If you really want an artist’s perspective on rationality, then read Orwell; he is mandatory reading for rationalists as well as authors. Orwell was not a scientist, but a writer; his tools were not numbers, but words; his adversary was not Nature, but human evil. If you wish to imprison people for years without trial, you must think of some other way to say it than “I’m going to imprison Mr. Jennings for years without trial.” You must muddy the listener’s thinking, prevent clear images from outraging conscience. You say, “Unreliable elements were subjected to an alternative justice process.”

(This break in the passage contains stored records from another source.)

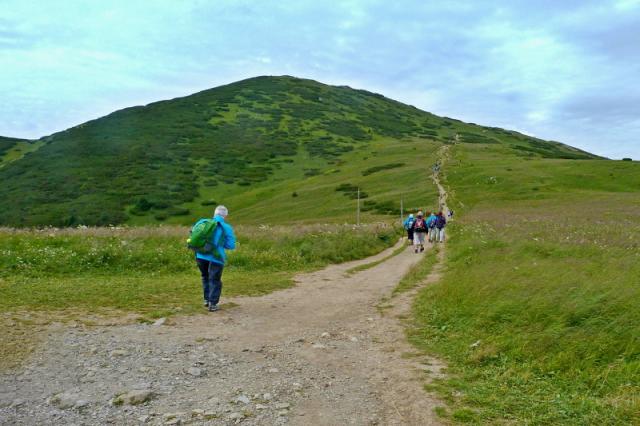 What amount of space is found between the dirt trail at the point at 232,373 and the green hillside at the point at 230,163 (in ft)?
133

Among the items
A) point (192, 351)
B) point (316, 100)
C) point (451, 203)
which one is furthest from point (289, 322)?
point (316, 100)

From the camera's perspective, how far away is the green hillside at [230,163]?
63.3m

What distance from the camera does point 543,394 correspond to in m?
5.59

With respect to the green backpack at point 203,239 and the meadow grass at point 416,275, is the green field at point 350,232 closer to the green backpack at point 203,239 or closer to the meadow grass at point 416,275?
the meadow grass at point 416,275

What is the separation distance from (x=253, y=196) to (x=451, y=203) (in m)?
32.8

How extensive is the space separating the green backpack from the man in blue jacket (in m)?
0.07

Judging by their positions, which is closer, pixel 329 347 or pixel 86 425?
pixel 86 425

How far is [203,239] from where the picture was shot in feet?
34.4

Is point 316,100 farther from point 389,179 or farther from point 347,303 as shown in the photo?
point 347,303

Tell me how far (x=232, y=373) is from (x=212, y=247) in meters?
4.44

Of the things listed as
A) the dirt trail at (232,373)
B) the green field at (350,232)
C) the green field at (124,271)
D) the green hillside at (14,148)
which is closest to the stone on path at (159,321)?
the dirt trail at (232,373)

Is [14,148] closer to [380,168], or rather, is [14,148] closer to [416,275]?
[380,168]

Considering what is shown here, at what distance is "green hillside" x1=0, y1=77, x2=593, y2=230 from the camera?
63.3 metres

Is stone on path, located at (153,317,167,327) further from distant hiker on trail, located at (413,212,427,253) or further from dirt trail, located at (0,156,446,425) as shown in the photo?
distant hiker on trail, located at (413,212,427,253)
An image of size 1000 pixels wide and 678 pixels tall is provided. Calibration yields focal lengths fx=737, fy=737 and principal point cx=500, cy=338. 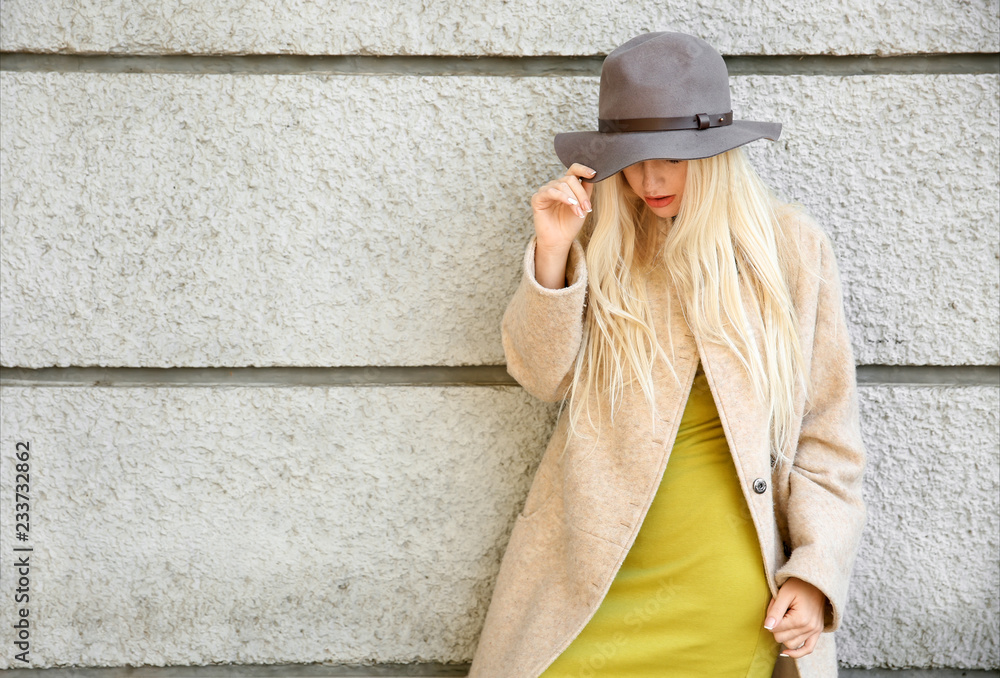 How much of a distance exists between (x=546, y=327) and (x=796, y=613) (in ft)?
2.54

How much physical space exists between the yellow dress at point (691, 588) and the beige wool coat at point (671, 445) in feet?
0.10

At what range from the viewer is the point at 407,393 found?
1976 mm

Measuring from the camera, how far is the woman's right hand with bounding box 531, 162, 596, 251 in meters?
1.55

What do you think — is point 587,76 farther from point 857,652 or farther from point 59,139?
point 857,652

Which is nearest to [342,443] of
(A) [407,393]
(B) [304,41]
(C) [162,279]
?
(A) [407,393]

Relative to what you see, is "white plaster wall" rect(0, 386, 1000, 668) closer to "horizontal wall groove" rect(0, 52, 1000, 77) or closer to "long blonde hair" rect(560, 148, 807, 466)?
"long blonde hair" rect(560, 148, 807, 466)

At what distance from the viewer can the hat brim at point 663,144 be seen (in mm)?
1459

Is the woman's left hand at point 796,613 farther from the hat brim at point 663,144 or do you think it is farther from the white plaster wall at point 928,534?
the hat brim at point 663,144

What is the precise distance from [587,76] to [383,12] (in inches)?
21.6

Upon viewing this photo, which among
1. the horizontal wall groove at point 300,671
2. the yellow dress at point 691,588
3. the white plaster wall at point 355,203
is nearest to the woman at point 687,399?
the yellow dress at point 691,588

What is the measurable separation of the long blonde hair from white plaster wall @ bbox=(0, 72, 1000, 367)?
0.34m

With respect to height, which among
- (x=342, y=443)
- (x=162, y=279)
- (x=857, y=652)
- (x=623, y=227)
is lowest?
(x=857, y=652)

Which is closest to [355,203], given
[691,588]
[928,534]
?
[691,588]

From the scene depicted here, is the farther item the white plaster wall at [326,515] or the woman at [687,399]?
the white plaster wall at [326,515]
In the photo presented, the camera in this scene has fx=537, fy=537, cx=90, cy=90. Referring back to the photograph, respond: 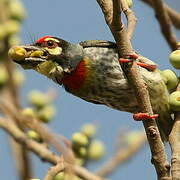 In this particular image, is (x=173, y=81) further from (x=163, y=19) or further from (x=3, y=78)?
(x=3, y=78)

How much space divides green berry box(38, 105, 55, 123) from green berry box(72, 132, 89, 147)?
1.04 feet

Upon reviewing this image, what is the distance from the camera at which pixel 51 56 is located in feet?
14.0

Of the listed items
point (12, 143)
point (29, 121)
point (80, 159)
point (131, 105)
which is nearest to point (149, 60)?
point (131, 105)

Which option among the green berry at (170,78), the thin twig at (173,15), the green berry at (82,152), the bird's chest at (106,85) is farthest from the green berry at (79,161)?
the thin twig at (173,15)

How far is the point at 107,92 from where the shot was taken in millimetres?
4258

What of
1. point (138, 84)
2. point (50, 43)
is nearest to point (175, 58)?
point (138, 84)

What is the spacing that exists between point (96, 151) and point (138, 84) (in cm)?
114

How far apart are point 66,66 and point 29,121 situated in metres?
1.49

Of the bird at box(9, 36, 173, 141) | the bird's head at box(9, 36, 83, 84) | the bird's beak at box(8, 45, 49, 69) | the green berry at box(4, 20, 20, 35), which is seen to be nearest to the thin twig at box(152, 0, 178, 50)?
the bird at box(9, 36, 173, 141)

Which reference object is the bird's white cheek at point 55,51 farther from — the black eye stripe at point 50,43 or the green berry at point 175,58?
the green berry at point 175,58

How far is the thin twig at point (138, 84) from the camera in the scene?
3.03 m

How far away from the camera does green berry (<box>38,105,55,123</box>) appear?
174 inches

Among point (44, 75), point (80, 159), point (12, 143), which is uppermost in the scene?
point (44, 75)

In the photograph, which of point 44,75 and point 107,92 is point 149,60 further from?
point 44,75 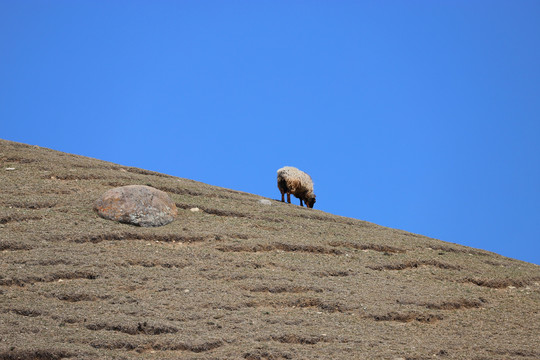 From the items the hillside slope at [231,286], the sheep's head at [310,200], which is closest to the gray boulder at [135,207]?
the hillside slope at [231,286]

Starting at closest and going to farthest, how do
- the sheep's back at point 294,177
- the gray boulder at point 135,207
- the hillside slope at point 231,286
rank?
the hillside slope at point 231,286 → the gray boulder at point 135,207 → the sheep's back at point 294,177

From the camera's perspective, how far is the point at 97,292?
38.9ft

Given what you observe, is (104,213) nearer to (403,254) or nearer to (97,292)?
(97,292)

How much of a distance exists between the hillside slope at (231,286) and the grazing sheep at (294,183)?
4474mm

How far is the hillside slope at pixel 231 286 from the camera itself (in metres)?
10.2

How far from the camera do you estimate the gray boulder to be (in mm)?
15992

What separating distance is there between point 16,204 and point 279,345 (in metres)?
9.71

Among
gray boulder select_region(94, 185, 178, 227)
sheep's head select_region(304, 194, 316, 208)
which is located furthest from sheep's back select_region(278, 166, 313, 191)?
gray boulder select_region(94, 185, 178, 227)

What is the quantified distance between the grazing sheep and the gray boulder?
878cm

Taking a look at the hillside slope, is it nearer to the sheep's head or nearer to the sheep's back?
the sheep's back

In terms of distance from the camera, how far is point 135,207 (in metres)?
16.0

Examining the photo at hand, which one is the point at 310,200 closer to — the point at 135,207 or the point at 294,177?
the point at 294,177

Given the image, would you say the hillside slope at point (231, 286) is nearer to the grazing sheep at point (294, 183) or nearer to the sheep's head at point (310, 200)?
the grazing sheep at point (294, 183)

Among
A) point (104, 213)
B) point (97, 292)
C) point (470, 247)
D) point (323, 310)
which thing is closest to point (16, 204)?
point (104, 213)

Orwell was the outraged opponent of totalitarianism and the muddy thinking in which evil cloaks itself—which is how Orwell’s writings on language ended up as classic rationalist documents on a level with Feynman, Sagan, or Dawkins.

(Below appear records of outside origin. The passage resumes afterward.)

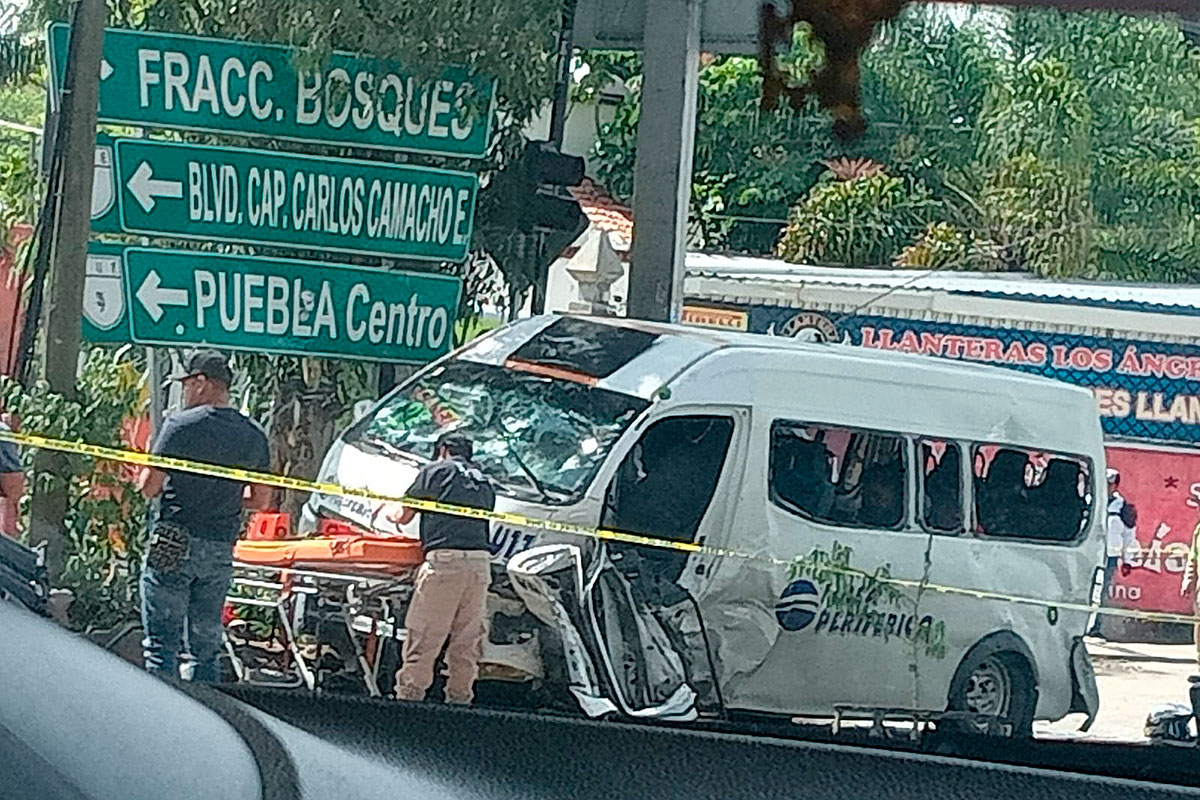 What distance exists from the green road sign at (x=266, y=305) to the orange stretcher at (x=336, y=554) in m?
0.22

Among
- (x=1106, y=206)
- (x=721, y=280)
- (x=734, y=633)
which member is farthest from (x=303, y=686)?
(x=1106, y=206)

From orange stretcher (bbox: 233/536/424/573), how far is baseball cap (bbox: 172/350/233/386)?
195mm

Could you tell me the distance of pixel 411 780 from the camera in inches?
79.3

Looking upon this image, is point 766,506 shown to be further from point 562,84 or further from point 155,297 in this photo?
point 155,297

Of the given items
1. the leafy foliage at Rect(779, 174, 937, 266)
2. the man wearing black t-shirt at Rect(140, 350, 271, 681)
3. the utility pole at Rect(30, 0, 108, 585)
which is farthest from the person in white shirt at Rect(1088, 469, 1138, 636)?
the utility pole at Rect(30, 0, 108, 585)

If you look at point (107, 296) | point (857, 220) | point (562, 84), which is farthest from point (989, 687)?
point (107, 296)

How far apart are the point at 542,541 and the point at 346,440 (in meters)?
0.26

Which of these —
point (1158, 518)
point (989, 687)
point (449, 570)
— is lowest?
point (989, 687)

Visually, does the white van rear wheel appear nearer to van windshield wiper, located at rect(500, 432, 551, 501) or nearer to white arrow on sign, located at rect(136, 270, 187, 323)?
van windshield wiper, located at rect(500, 432, 551, 501)

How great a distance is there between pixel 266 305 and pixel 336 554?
31 centimetres

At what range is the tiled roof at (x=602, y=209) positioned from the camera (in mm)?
1960

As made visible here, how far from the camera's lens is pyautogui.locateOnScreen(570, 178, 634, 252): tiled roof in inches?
77.2

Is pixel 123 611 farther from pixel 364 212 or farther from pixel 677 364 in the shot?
pixel 677 364

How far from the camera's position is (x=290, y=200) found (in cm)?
198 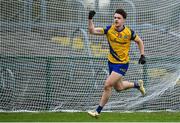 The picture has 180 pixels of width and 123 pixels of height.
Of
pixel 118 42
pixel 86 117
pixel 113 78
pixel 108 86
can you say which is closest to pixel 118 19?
pixel 118 42

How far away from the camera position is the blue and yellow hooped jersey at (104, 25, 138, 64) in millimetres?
10195

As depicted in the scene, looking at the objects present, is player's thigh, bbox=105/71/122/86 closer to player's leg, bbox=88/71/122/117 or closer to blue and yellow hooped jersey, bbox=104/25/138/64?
player's leg, bbox=88/71/122/117

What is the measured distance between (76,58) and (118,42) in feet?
9.79

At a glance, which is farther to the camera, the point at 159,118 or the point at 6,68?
the point at 6,68

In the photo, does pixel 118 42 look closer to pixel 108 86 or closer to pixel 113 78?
pixel 113 78

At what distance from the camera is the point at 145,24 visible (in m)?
13.2

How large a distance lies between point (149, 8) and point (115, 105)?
7.23 feet

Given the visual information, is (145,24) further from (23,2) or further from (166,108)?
(23,2)

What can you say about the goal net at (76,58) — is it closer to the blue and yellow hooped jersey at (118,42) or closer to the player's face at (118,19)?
the blue and yellow hooped jersey at (118,42)

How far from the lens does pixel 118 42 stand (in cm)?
1023

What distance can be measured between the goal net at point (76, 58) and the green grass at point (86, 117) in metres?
0.51

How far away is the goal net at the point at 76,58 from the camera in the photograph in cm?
1291

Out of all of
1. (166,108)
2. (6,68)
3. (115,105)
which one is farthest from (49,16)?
(166,108)

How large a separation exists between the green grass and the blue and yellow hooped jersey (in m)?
1.56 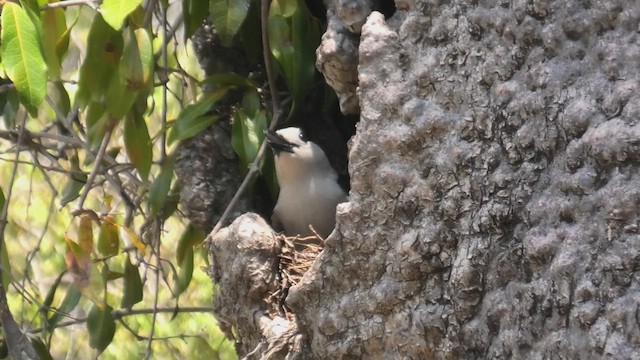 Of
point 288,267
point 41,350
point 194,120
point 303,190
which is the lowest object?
point 41,350

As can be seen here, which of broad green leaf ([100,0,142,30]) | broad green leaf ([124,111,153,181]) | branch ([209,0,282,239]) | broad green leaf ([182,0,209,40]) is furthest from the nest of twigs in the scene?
broad green leaf ([100,0,142,30])

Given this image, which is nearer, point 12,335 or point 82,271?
point 82,271

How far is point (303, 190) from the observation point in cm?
414

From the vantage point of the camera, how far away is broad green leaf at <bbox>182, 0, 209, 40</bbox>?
11.8 ft

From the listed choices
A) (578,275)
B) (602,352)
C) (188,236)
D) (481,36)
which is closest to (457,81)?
(481,36)

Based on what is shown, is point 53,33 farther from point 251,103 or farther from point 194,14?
point 251,103

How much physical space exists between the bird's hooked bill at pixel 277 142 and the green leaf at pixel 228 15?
413 millimetres

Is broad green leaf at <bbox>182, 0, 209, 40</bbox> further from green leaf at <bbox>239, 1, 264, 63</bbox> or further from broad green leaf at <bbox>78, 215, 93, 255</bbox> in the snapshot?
broad green leaf at <bbox>78, 215, 93, 255</bbox>

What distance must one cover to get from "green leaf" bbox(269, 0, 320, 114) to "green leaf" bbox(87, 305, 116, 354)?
1.10 meters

“Writers are told to avoid usage of the passive voice.” A rationalist whose background comes exclusively from science may fail to see the flaw in the previous sentence; but anyone who’s done a little writing should see it right away. I wrote the sentence in the passive voice, without telling you who tells authors to avoid passive voice. Passive voice removes the actor, leaving only the acted-upon. “Unreliable elements were subjected to an alternative justice process”—subjected by whom? What does an “alternative justice process” do? With enough static noun phrases, you can keep anything unpleasant from actually happening.
Journal articles are often written in passive voice. (Pardon me, some scientists write their journal articles in passive voice. It’s not as if the articles are being written by no one, with no one to blame.) It sounds more authoritative to say “The subjects were administered Progenitorivox” than “I gave each college student a bottle of 20 Progenitorivox, and told them to take one every night until they were gone.” If you remove the scientist from the description, that leaves only the all-important data. But in reality the scientist is there, and the subjects are college students, and the Progenitorivox wasn’t “administered” but handed over with instructions. Passive voice obscures reality.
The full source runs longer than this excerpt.